Sodium-ion batteries (SIBs) with iron- and manganese-based cathode electrodes have exhibited great promise in the grid-scale energy storage systems, on the basis of the satisfactory theoretical capacity, as well as huge abundance, low price and non-toxicity of raw materials. However, the inferior cycle life of cathode materials originating from their poor structural stability remains a formidable challenge towards practical applications. Here, an efficient strategy of improving the structure durability is demonstrated in iron- and manganese-based cathodes by dual heteroatom doping. The as-obtained P2-type Na_0.65Li_0.08Cu_0.08Fe_0.24Mn_0.6O₂ cathode delivers superior cyclability (88.2% capacity retention for 500 cycles at 2C), fabulous rate capability (76% capacity retention at 5C compared to 0.1C), and a useable reversible capacity of around 85 mAh g⁻¹ at 0.1C. Through in-depth characterizations, the underlying structure-property relationship is established, revealing that the complete solid-solution reaction during cycling ensures the ultralow volume variation (as small as 0.7%) and excellent electrochemical performance. These results highlight the significance of fabricating a stable host for the design and development of advanced SIBs with long life.

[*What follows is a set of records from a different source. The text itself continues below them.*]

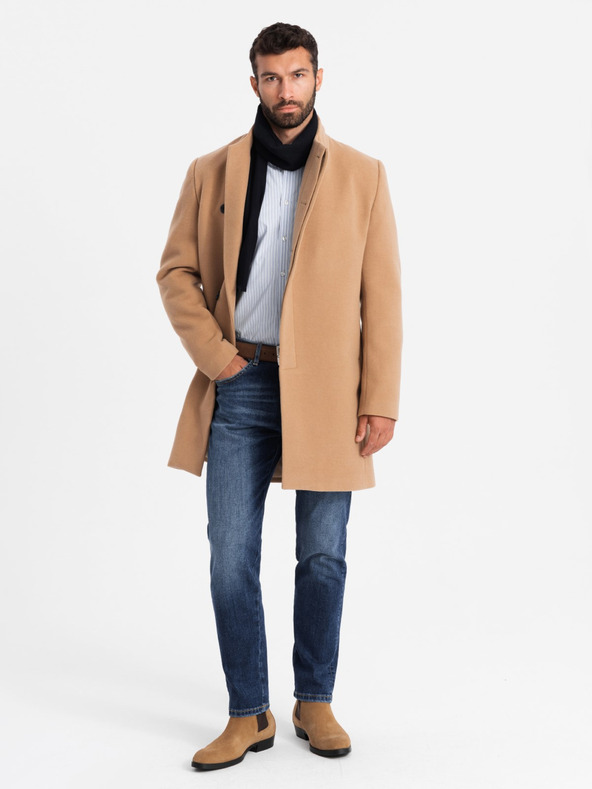 Ombre Clothing Moški plašč z asimetričnim zapenjanjem in visokim ovratnikom svetlo rjave barve Ombre Clothing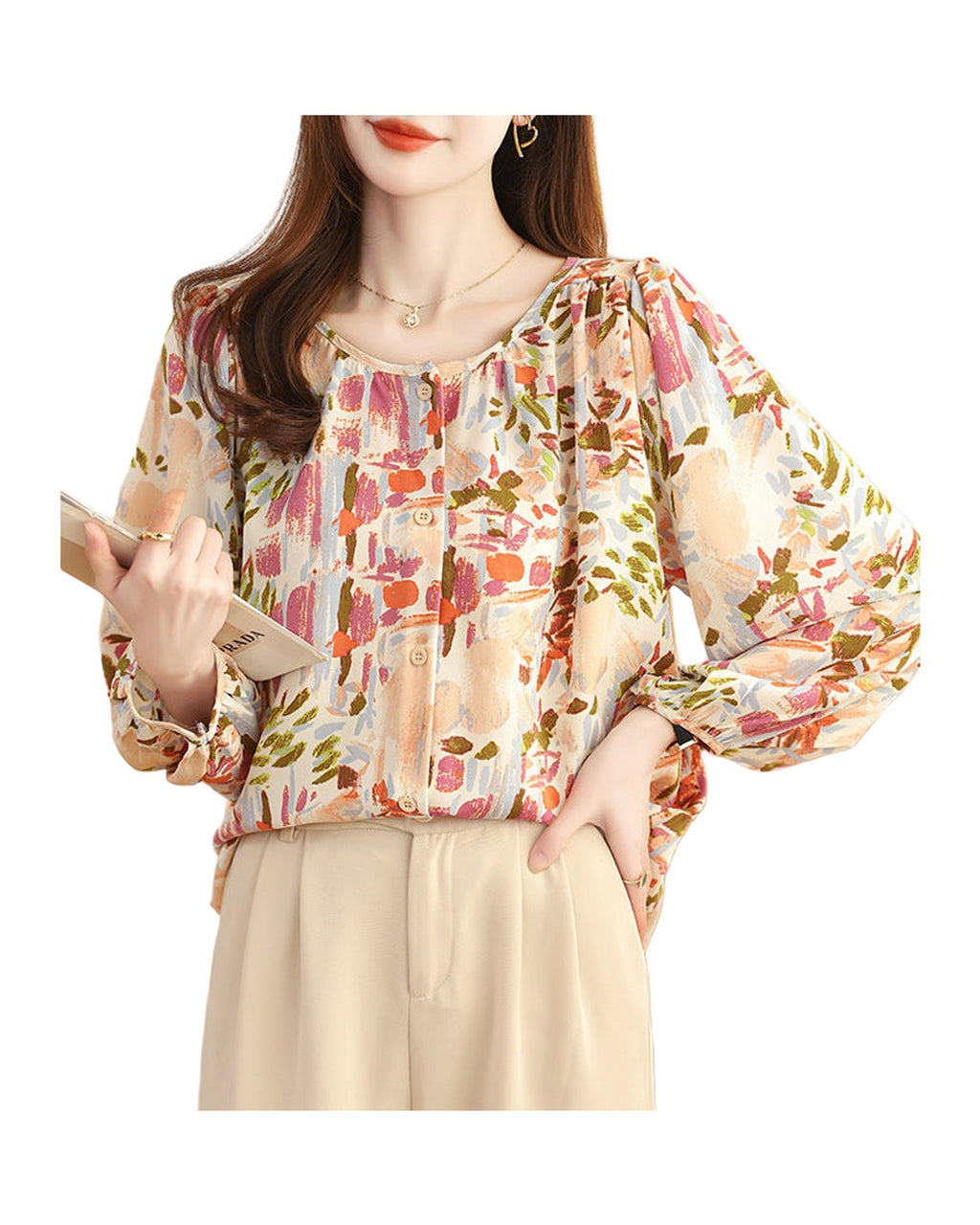 Real Shot French Vintage Floral Nine-quarter Sleeve Shirt photo 5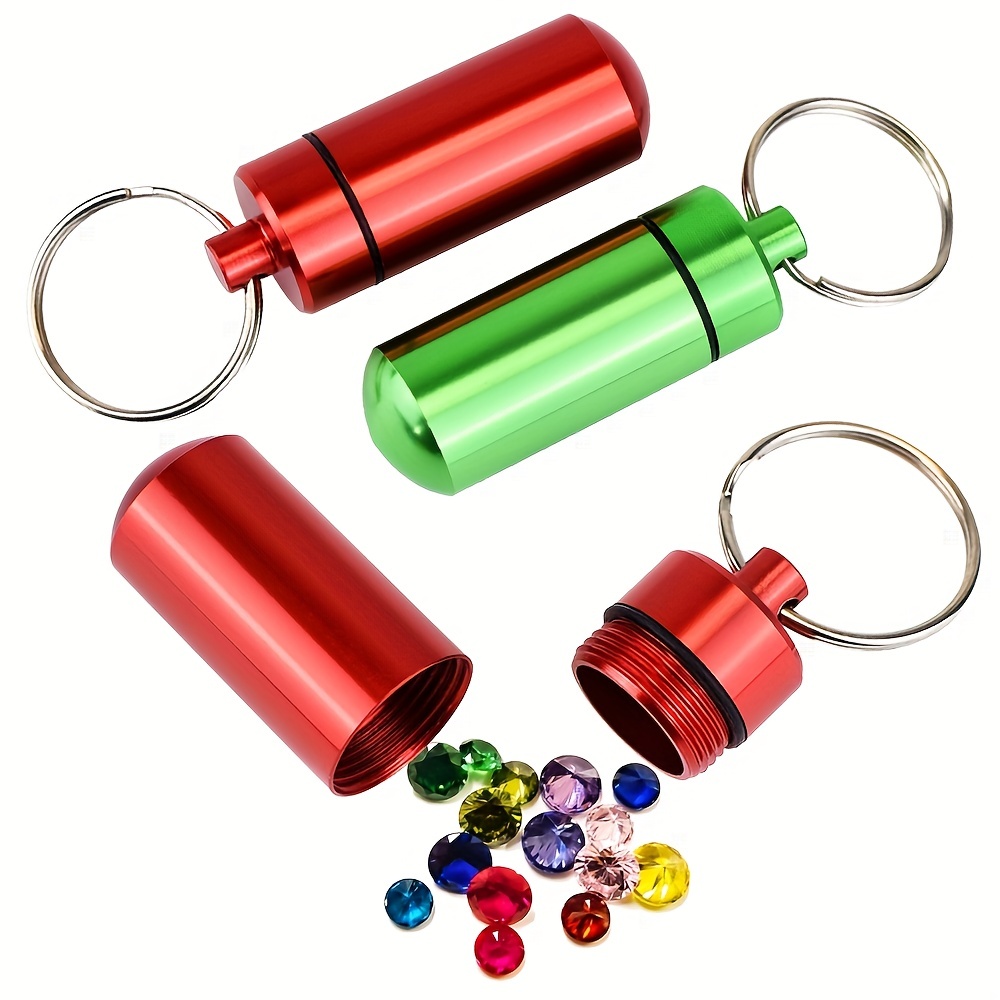 Waterproof Pill Bottle Aluminum, 8pcs Outdoor Capsule Keychain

具有铁和锰基阴极电极的钠离子电池（SIBs）在令人满意的理论容量以及丰度高、价格低和无毒的基础上，在电网规模的储能系统中表现出巨大的潜力的原材料。然而，正极材料由于其结构稳定性差而导致循环寿命较差仍然是实际应用的巨大挑战。在这里，通过双杂原子掺杂在铁基和锰基阴极中展示了一种提高结构耐久性的有效策略。得到的 P2 型 Na _0.65 Li _0.08 Cu _0.08 Fe _0.24 Mn _0.6 O ₂正极具有优异的循环性能（2C 下 500 次循环的容量保持率为 88.2%）、出色的倍率性能（5C 下的容量保持率为 76%，而 0.1C 下的容量保持率）以及 0.1C 下约 85 mAh g ^-1的可用可逆容量。通过深入的表征，建立了潜在的结构-性能关系，揭示了循环过程中完全的固溶反应确保了超低的体积变化（小至 0.7%）和优异的电化学性能。这些结果强调了制造稳定的主机对于设计和开发具有长寿命的先进 SIB 的重要性。